Re: Can't submit job to stand alone cluster

2015-12-29 Thread Andrew Or
http://spark.apache.org/docs/latest/spark-standalone.html#launching-spark-applications

2015-12-29 11:48 GMT-08:00 Annabel Melongo :

> Greg,
>
> Can you please send me a doc describing the standalone cluster mode?
> Honestly, I never heard about it.
>
> The three different modes, I've listed appear in the last paragraph of
> this doc: Running Spark Applications
> 
>
>
>
>
>
>
> Running Spark Applications
> 
> --class The FQCN of the class containing the main method of the
> application. For example, org.apache.spark.examples.SparkPi. --conf
> View on www.cloudera.com
> 
> Preview by Yahoo
>
>
>
>
> On Tuesday, December 29, 2015 2:42 PM, Andrew Or 
> wrote:
>
>
> The confusion here is the expression "standalone cluster mode". Either
> it's stand-alone or it's cluster mode but it can't be both.
>
>
> @Annabel That's not true. There *is* a standalone cluster mode where
> driver runs on one of the workers instead of on the client machine. What
> you're describing is standalone client mode.
>
> 2015-12-29 11:32 GMT-08:00 Annabel Melongo :
>
> Greg,
>
> The confusion here is the expression "standalone cluster mode". Either
> it's stand-alone or it's cluster mode but it can't be both.
>
>  With this in mind, here's how jars are uploaded:
> 1. Spark Stand-alone mode: client and driver run on the same machine;
> use --packages option to submit a jar
> 2. Yarn Cluster-mode: client and driver run on separate machines;
> additionally driver runs as a thread in ApplicationMaster; use --jars
> option with a globally visible path to said jar
> 3. Yarn Client-mode: client and driver run on the same machine. driver
> is *NOT* a thread in ApplicationMaster; use --packages to submit a jar
>
>
> On Tuesday, December 29, 2015 1:54 PM, Andrew Or 
> wrote:
>
>
> Hi Greg,
>
> It's actually intentional for standalone cluster mode to not upload jars.
> One of the reasons why YARN takes at least 10 seconds before running any
> simple application is because there's a lot of random overhead (e.g.
> putting jars in HDFS).
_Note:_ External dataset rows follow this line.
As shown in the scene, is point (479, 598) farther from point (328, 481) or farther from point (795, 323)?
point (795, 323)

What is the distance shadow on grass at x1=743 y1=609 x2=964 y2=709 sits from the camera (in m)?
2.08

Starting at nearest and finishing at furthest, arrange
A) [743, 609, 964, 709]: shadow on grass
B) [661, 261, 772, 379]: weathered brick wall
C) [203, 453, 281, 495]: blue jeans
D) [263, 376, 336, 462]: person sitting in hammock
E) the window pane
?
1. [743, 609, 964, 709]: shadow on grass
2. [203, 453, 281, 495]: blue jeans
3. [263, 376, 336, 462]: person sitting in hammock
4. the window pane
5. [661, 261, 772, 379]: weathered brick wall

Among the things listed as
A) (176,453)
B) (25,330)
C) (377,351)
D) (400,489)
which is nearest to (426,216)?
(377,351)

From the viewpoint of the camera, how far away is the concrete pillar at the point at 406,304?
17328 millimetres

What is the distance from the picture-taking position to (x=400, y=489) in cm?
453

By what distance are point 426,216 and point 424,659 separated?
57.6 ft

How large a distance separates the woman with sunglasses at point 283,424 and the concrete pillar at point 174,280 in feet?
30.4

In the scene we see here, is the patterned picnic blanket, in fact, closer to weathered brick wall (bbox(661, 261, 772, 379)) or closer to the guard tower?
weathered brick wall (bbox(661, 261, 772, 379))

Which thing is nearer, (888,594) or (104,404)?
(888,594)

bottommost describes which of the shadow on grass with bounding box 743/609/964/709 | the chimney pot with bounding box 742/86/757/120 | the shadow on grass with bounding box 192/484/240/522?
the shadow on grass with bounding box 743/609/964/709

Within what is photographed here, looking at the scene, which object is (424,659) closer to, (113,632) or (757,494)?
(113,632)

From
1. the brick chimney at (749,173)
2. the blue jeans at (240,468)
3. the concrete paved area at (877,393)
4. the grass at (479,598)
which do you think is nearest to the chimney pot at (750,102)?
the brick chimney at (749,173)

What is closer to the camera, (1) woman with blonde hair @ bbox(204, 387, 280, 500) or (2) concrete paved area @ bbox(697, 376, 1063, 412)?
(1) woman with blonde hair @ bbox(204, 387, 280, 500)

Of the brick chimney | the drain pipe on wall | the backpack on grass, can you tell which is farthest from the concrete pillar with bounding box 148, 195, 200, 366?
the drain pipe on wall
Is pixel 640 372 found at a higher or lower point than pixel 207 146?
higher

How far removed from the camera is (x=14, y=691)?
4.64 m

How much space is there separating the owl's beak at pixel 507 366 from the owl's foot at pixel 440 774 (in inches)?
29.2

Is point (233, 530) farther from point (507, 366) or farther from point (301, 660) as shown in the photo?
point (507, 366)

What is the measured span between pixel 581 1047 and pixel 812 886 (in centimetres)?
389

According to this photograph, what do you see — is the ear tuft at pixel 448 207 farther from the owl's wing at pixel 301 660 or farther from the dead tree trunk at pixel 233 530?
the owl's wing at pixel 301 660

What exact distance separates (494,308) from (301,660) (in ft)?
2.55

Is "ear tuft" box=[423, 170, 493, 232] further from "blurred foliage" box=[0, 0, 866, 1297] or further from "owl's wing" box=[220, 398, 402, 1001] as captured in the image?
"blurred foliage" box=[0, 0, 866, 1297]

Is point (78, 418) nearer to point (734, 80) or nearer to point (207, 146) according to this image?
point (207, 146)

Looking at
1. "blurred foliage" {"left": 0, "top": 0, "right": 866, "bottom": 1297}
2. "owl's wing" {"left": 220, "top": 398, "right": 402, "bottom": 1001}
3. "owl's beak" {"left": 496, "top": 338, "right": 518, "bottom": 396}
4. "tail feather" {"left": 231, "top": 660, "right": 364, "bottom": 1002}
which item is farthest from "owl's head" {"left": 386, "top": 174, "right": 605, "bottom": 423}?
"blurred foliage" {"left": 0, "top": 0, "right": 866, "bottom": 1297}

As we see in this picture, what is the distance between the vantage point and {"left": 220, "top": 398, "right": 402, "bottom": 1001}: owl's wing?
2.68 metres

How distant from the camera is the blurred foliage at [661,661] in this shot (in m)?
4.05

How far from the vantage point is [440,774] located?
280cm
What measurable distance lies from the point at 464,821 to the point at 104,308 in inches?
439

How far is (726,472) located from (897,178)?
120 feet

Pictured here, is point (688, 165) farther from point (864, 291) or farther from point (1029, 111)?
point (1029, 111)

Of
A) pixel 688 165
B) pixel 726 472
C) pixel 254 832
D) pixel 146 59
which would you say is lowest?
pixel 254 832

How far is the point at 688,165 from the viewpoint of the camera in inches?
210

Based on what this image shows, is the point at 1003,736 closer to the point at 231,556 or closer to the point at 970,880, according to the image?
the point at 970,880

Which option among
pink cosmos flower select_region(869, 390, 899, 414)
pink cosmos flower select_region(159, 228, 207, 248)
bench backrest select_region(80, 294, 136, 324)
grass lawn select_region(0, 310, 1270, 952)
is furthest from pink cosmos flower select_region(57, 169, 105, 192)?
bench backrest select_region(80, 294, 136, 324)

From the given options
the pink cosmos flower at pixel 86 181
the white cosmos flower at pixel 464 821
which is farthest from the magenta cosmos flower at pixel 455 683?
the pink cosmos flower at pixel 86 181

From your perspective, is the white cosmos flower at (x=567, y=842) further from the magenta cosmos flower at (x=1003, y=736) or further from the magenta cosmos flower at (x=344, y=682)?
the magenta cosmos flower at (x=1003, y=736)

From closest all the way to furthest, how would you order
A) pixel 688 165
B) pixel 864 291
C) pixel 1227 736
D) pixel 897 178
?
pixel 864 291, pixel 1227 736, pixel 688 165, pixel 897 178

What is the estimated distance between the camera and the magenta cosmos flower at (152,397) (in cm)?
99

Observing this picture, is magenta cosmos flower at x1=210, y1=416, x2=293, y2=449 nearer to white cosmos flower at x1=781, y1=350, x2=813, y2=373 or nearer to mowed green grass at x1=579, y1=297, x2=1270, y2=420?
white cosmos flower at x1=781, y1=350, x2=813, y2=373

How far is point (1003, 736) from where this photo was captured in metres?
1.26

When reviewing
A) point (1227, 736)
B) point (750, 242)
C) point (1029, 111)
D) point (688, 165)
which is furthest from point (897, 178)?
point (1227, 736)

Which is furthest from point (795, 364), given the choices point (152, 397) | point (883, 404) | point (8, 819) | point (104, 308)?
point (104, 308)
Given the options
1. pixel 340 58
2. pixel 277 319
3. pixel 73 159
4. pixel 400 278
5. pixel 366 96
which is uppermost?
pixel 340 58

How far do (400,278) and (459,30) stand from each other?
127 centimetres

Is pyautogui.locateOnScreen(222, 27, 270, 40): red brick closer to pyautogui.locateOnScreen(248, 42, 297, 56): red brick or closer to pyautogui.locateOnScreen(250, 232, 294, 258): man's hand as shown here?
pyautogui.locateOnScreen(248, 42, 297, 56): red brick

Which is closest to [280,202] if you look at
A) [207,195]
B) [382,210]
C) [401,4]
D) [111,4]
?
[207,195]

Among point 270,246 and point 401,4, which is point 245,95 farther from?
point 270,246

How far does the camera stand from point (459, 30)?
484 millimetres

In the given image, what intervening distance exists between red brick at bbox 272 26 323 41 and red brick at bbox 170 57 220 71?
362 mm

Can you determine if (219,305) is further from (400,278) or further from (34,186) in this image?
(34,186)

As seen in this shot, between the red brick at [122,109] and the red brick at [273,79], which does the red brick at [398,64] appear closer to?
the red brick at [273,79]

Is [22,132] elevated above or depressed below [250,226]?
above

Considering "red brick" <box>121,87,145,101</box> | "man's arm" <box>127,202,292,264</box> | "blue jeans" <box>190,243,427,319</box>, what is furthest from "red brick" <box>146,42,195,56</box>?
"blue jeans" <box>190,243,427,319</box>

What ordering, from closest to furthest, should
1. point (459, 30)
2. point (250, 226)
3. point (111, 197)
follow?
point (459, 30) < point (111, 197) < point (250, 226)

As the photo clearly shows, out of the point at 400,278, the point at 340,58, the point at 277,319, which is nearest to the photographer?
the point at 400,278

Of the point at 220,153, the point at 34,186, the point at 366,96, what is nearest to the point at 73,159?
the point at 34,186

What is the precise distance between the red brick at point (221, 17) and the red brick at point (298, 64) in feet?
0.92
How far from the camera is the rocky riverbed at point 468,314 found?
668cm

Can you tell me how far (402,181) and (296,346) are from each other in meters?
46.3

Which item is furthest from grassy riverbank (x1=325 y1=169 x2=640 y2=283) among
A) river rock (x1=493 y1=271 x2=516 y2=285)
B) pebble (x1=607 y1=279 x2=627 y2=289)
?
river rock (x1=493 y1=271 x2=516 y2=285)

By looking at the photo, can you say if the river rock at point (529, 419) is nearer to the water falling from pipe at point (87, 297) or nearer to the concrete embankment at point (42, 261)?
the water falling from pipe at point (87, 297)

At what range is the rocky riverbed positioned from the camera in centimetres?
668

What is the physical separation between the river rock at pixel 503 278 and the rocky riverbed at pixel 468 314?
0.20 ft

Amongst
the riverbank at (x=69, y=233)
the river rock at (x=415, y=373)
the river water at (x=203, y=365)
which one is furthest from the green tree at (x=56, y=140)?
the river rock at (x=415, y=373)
If this missing functionality is not documented
> somewhere then we should add that.
>
> Also, the packages problem seems legitimate. Thanks for reporting it. I
> have filed https://issues.apache.org/jira/browse/SPARK-12559.
>
> -Andrew
>
> 2015-12-29 4:18 GMT-08:00 Greg Hill :
>
>
>
> On 12/28/15, 5:16 PM, "Daniel Valdivia"  wrote:
>
> >Hi,
> >
> >I'm trying to submit a job to a small spark cluster running in stand
> >alone mode, however it seems like the jar file I'm submitting to the
> >cluster is "not found" by the workers nodes.
> >
> >I might have understood wrong, but I though the Driver node would send
> >this jar file to the worker nodes, or should I manually send this file to
> >each worker node before I submit the job?
>
> Yes, you have misunderstood, but so did I.  So the problem is that
> --deploy-mode cluster runs the Driver on the cluster as well, and you
> don't know which node it's going to run on, so every node needs access to
> the JAR.  spark-submit does not pass the JAR along to the Driver, but the
> Driver will pass it to the executors.  I ended up putting the JAR in HDFS
> and passing an hdfs:// path to spark-submit.  This is a subtle difference
> from Spark on YARN which does pass the JAR along to the Driver
> automatically, and IMO should probably be fixed in spark-submit.  It's
> really confusing for newcomers.
>
> Another problem I ran into that you also might is that --packages doesn't
> work with --deploy-mode cluster.  It downloads the packages to a temporary
> location on the node running spark-submit, then passes those paths to the
> node that is running the Driver, but since that isn't the same machine, it
> can't find anything and fails.  The driver process *should* be the one
> doing the downloading, but it isn't. I ended up having to create a fat JAR
> with all of the dependencies to get around that one.
>
> Greg
>
>
> -
> To unsubscribe, e-mail: user-unsubscr...@spark.apache.org
> For additional commands, e-mail: user-h...@spark.apache.org
>
>
>
>
>
>
>
>


Re: Can't submit job to stand alone cluster

2015-12-29 Thread Annabel Melongo
Thanks Andrew for this awesome explanation  

On Tuesday, December 29, 2015 5:30 PM, Andrew Or  
wrote:
 

 Let me clarify a few things for everyone:
There are three cluster managers: standalone, YARN, and Mesos. Each cluster 
manager can run in two deploy modes, client or cluster. In client mode, the 
driver runs on the machine that submitted the application (the client). In 
cluster mode, the driver runs on one of the worker machines in the cluster.
When I say "standalone cluster mode" I am referring to the standalone cluster 
manager running in cluster deploy mode.
Here's how the resources are distributed in each mode (omitting Mesos):

Standalone / YARN client mode. The driver runs on the client machine (i.e. 
machine that ran Spark submit) so it should already have access to the jars. 
The executors then pull the jars from an HTTP server started in the driver.
Standalone cluster mode. Spark submit does not upload your jars to the cluster, 
so all the resources you need must already be on all of the worker machines. 
The executors, however, actually just pull the jars from the driver as in 
client mode instead of finding it in their own local file systems.
YARN cluster mode. Spark submit does upload your jars to the cluster. In 
particular, it puts the jars in HDFS so your driver can just read from there. 
As in other deployments, the executors pull the jars from the driver.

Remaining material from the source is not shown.